◆ **EXERCISE BRIEF**
Using the data below, output a verbatim copy of the lines between the one holding "from 11-07-25, 10:24" and the one holding "Occasion Audi A1", inclusive, without any pictures.

◆ **MATERIAL FOR THE TASK**
**********

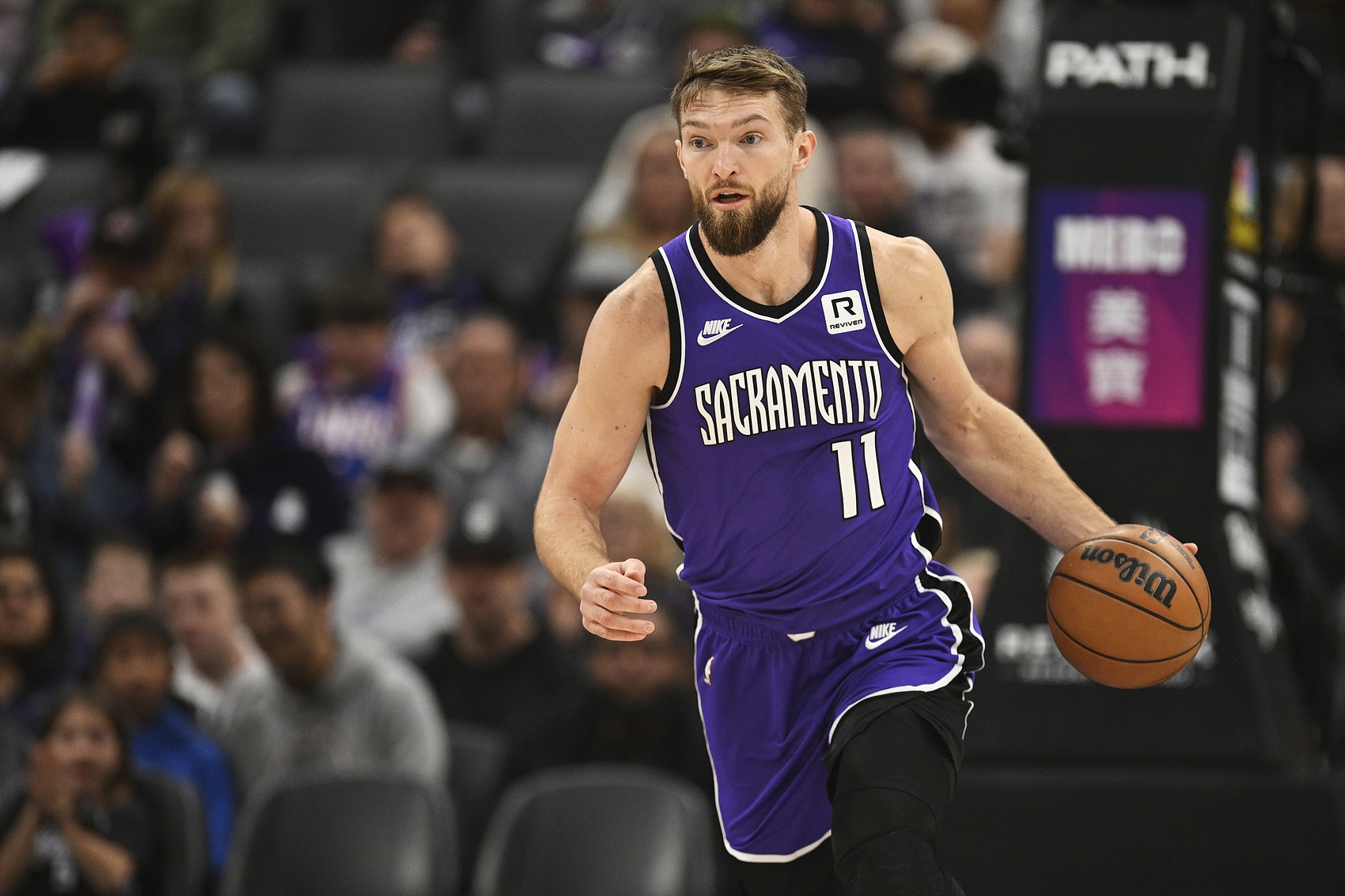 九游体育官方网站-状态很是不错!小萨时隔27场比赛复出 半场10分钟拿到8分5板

**********

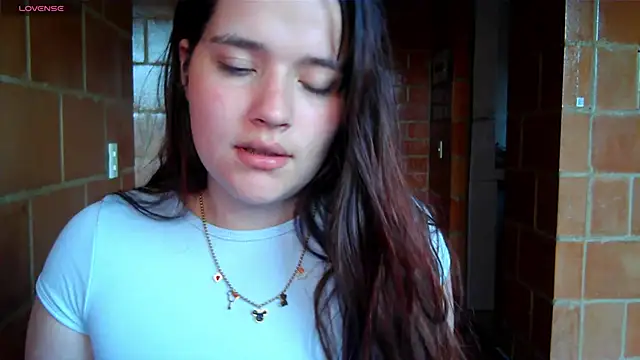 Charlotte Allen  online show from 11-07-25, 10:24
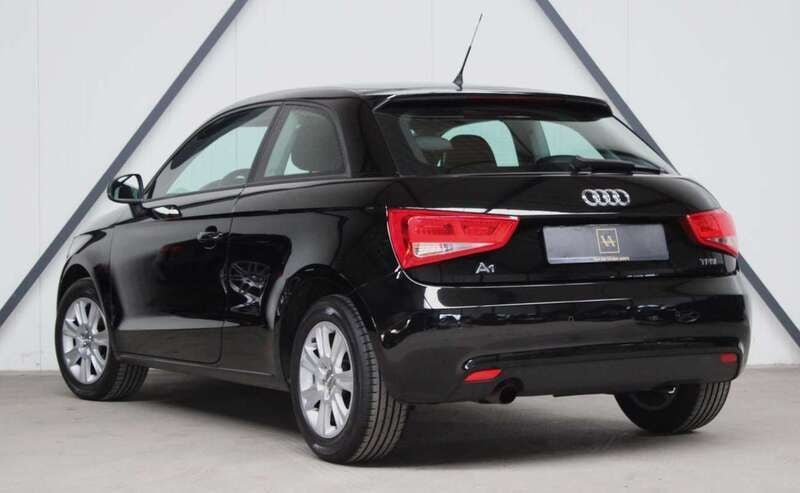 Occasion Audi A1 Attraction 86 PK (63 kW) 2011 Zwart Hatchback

**********

◆ **ANSWER SECTION**
 Charlotte Allen  online show from 11-07-25, 10:24
 Occasion Audi A1 Attraction 86 PK (63 kW) 2011 Zwart Hatchback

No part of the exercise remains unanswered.